Mehmet Sincar'a yönelik saldırı ve katletmenin ardında devlet olduğunu söyleyen Hatip, ciddi bir soruşturma yapılmadığını da söyledi.
Konuşmaların ardından tüm kayıplar için 5 dakikalık oturma eylemi yapıldı.
BATMAN
Batman'da İHD ve kayıp yakınlarının düzenledikleri "Kayıplar bulunsun failler yargılansın" eylemi 395'inci haftasında devam etti. Gülistan Caddesi İnsan Hakları Anıtı önünde bir araya gelen kayıp yakınları ve insan hakları savunucuları "faili meçhul" cinayetlerde kaybettikleri yakınlarının fotoğraflarını taşıdı. Eylemde Batman'da kaybedilen Abdullah Tarım' ın hikâyesi paylaşıldı.
Hikayeyi okuyan İHD Şube Başkanı Mehmet Bağatır, "Abdullah Tarım, Eylül 1994 tarihinde Aydın Aslan Caddesinde kendisine ait işyerinden eve dönerken görgü tanıklarının anlatımına göre beyaz renkli bir arabaya zorla bindirilerek kaçırılmıştır.
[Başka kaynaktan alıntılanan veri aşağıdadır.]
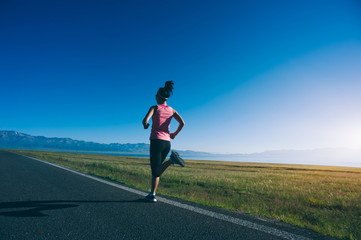 Fototapeta na wymiar Young fitness sporty woman running on country road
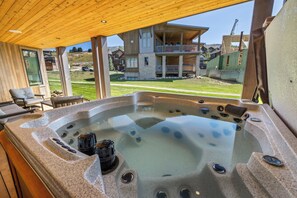 A hot tub with a stone exterior, a wooden ceiling, and a view of a residential area with houses and a clear sky. - Mountain Luxury Lodge w/Gondola Access 1099 (Steamboat Springs)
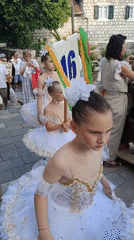 Children in tutus gather for street performance in Montenegro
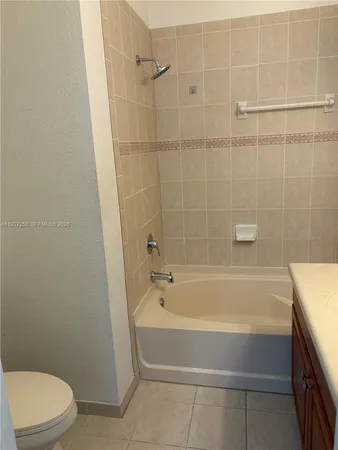 a bathroom with a bathtub and a toilet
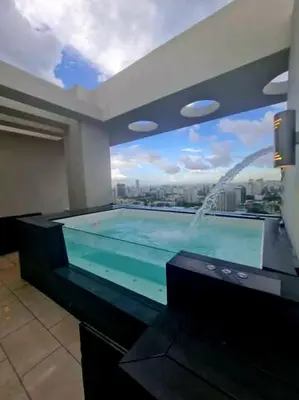a swimming pool with a view of a city at Miraculus Penthouse With Private Jacuzzi in Santo Domingo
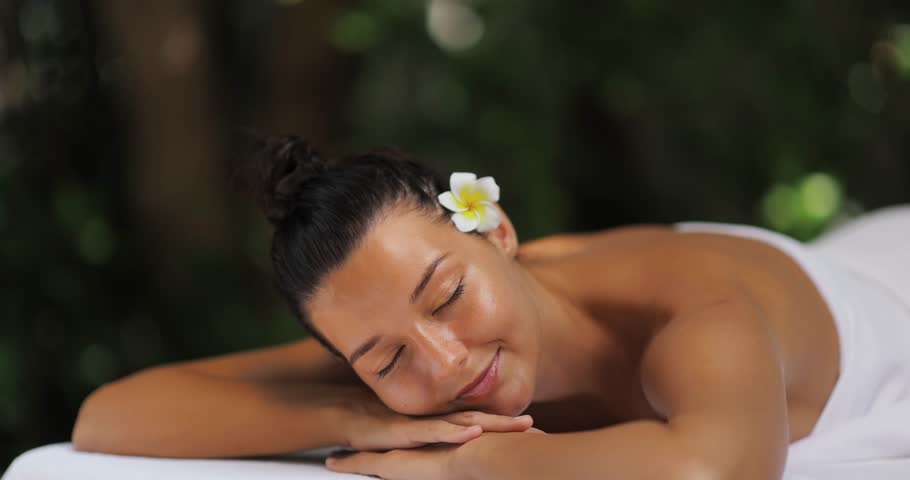 Caucasian woman lies on her stomach on a massage table with a plumeria in her hair, slowly opening her eyes and smiling in slow motion. Ideal for spa, wellness, and beauty lifestyle promos.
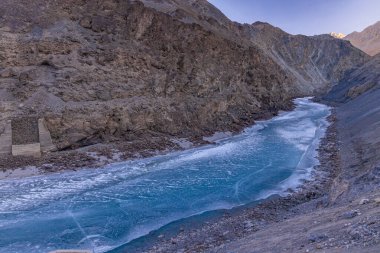 Donmuş Zanskar nehri Ladakh 'ın engebeli dağ sıralarından akıyor..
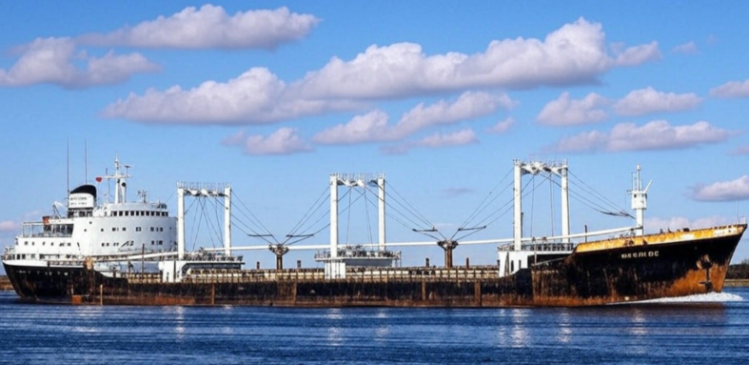 A ship sitting under a bright cloudy sky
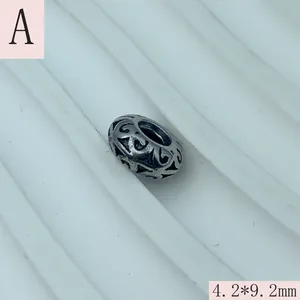 Detailed macro shot of vintage silver filigree spacer bead, size 4.2x9.2mm for DIY jewelry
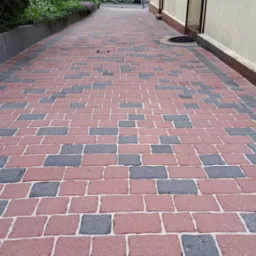 Ułożona kostka brukowa w odcieniach czerwieni i szarości, tworząca wzór. Widok na czystą, zadbaną nawierzchnię chodnika przy budynku i zieleni.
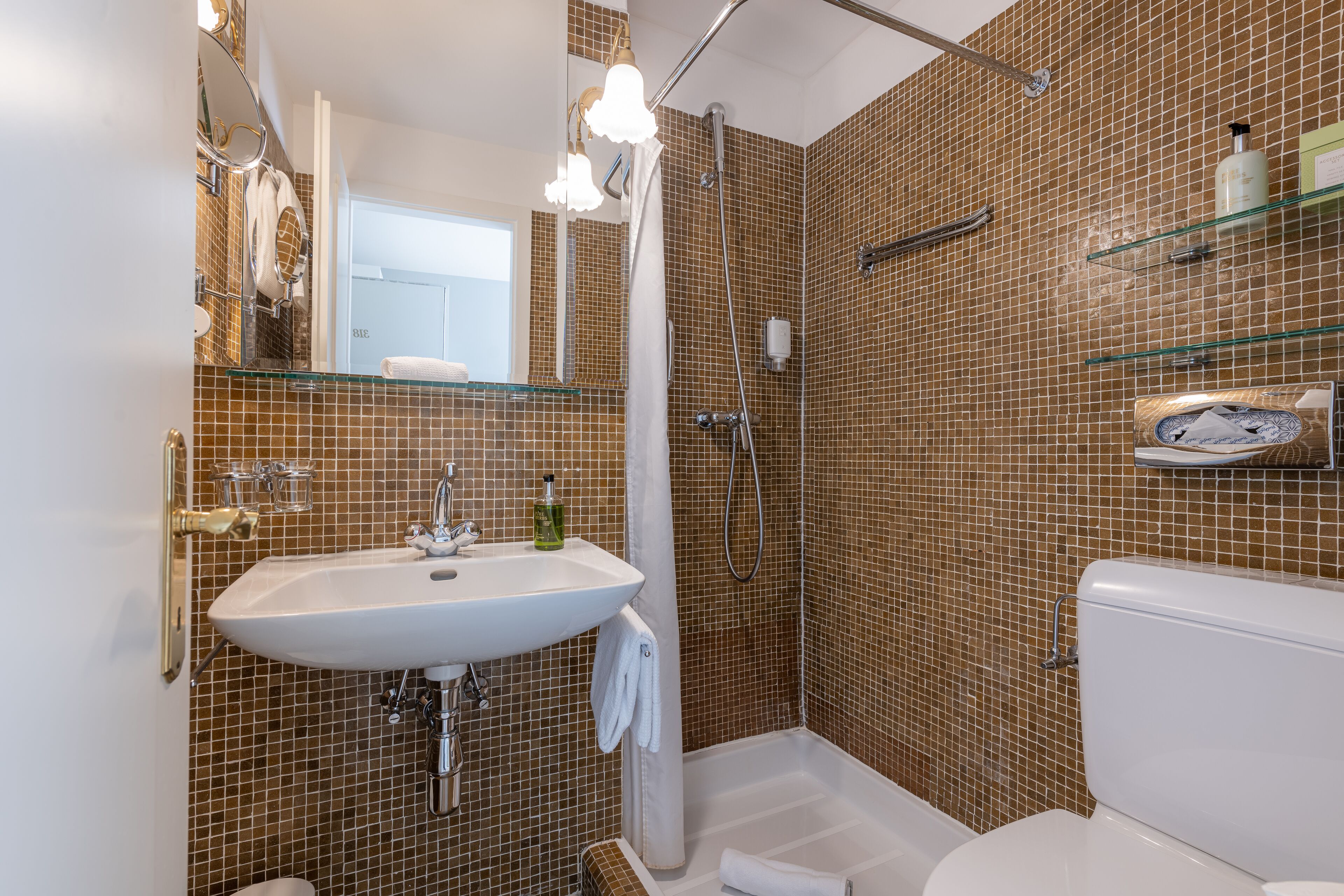 A bathroom with a white sink, a glass shower enclosure, and a toilet.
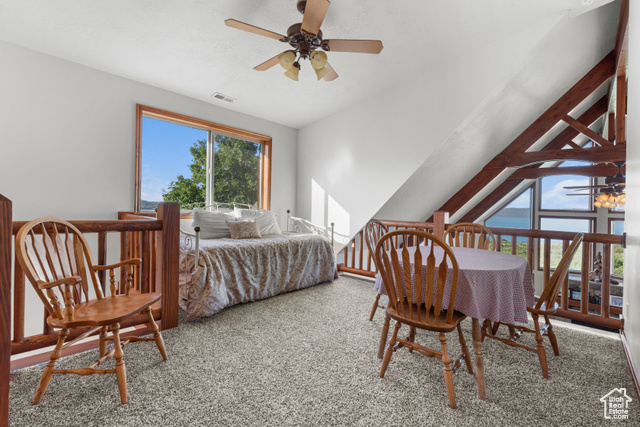 1340 Trapper Loop Garden City, UT 84028 - Photo 19 of 35 Bedroom featuring carpet, lofted ceiling, and a ceiling fan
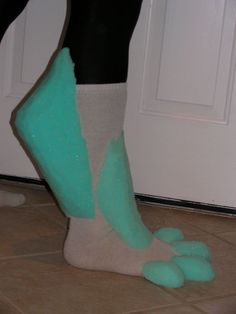 a person standing next to a door with their feet on the floor wearing socks and slippers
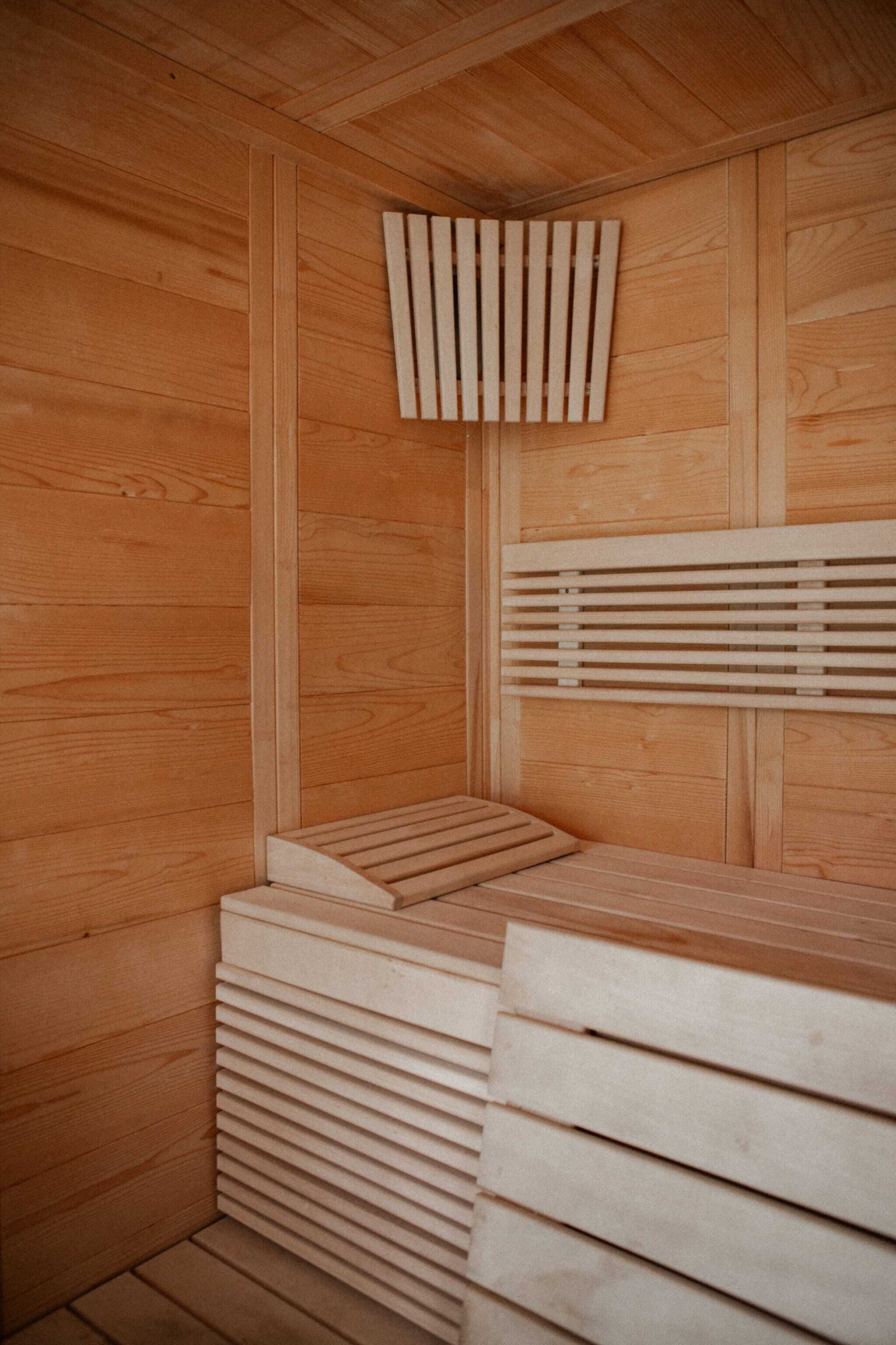 Un sauna en bois avec des bancs à lattes et un plafond en bois.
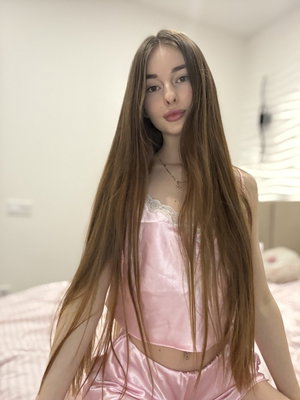Woman with long brown hair wearing pink satin pajamas in bedroom.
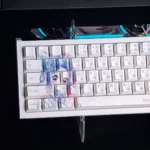 Dynamic close-up of the Demon Slayer Shinobu Kocho Keycap Set, showcasing its vibrant anime art and unique 'messy line' aesthetic from multiple angles.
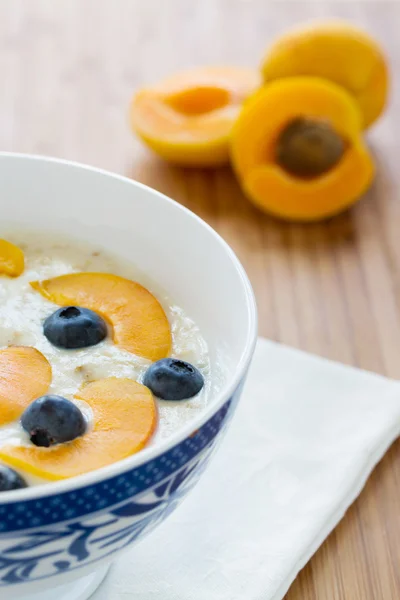 Oatmeal porridge with fresh berries and apricots — Stock Photo, Image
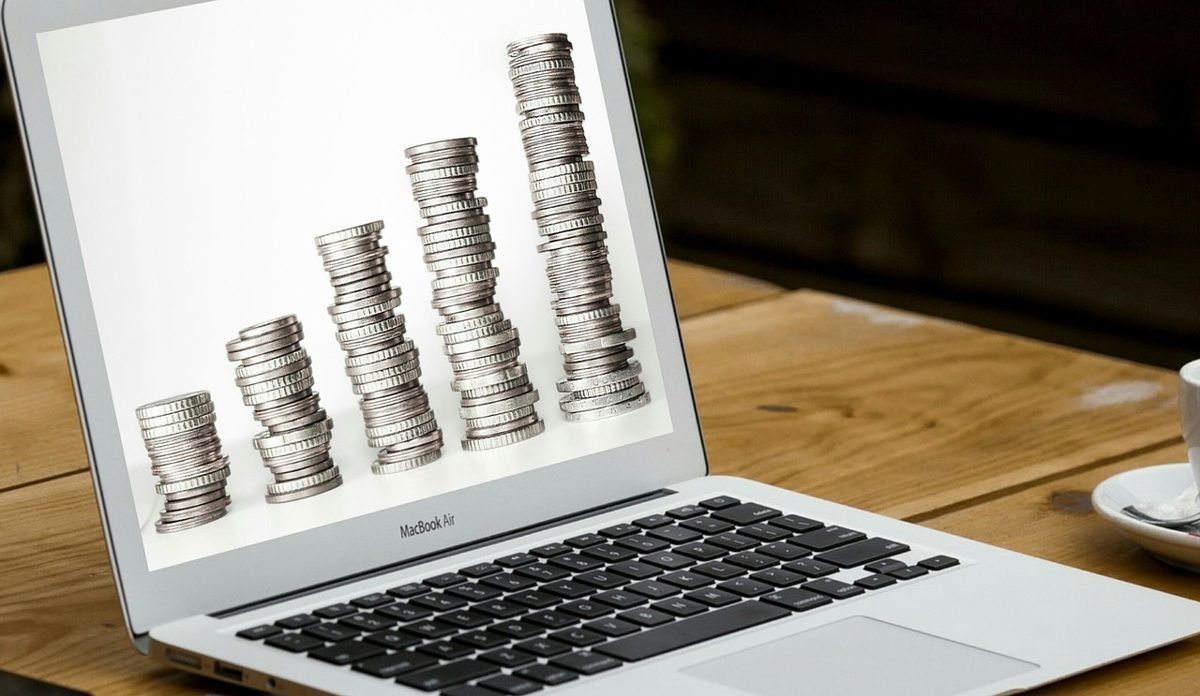 Laptop and coin stacks representing online investing in 2026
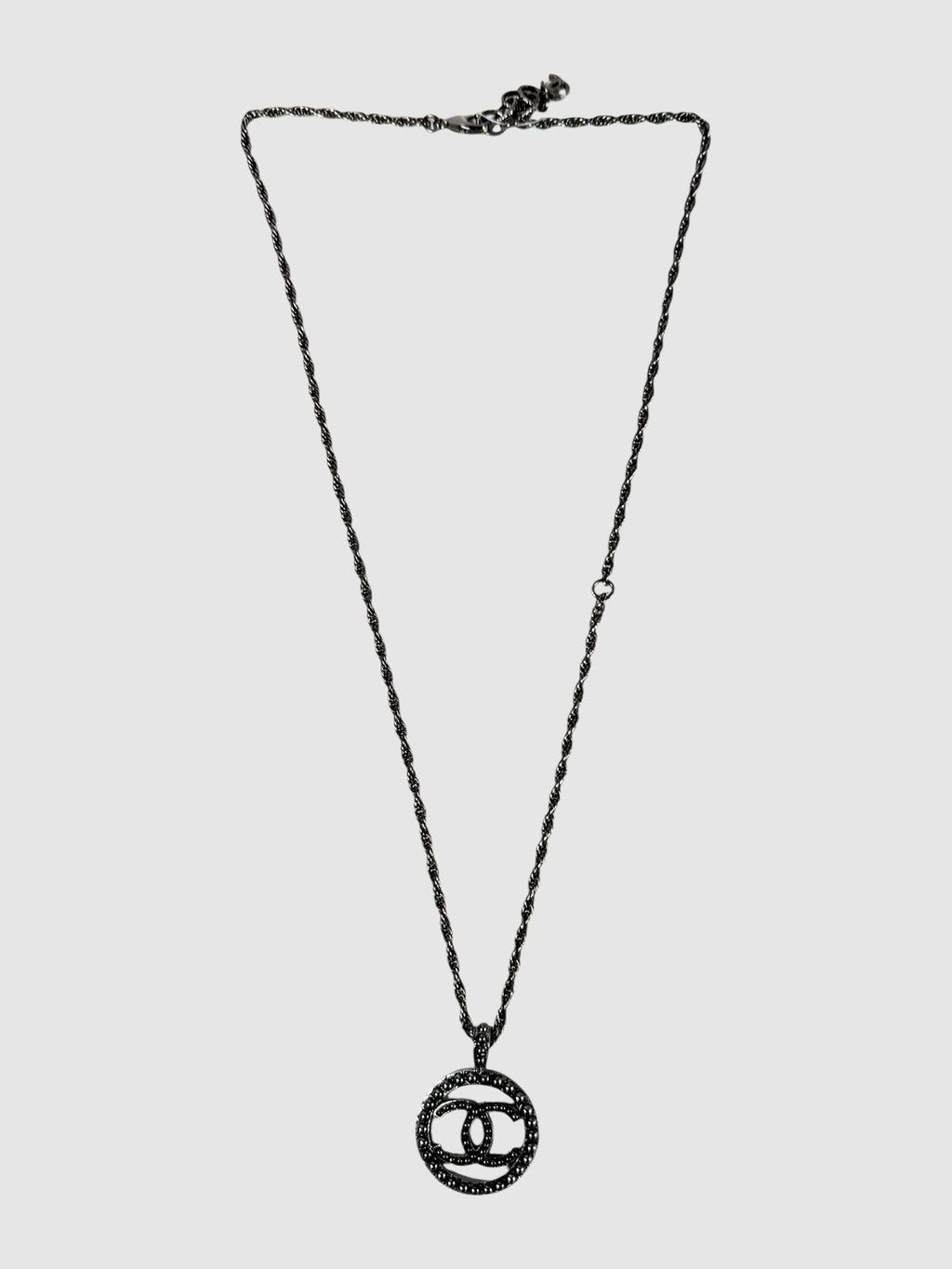Chanel 2017 Pewter CC Round Ruthenium Pendant Necklace luxury designer resale consignment toronto canada secondhand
Yıllardır kendisinden haber alamadığını belirten eşi iki çocuğuyla birlikte Abdullah Tarım'ın kaçırılmasından sorumlu kişilerin yargılanmasını istemektedir" dedi.
Mehmet, yıllardır şiddet ve baskı politikalarında ısrar edenlerin, "yurtta barış, dünyada barış" için mücadele etmek yerine, "içerde savaş, dışarıda savaş" politikasının benimsediğini ifade ederek, "Savaşta ısrar edeler, bu ısrarın bedelini gençlerin yaşamlarının baharında ölüme göndererek ödemek zorunda bırakıyor" diye konuştu.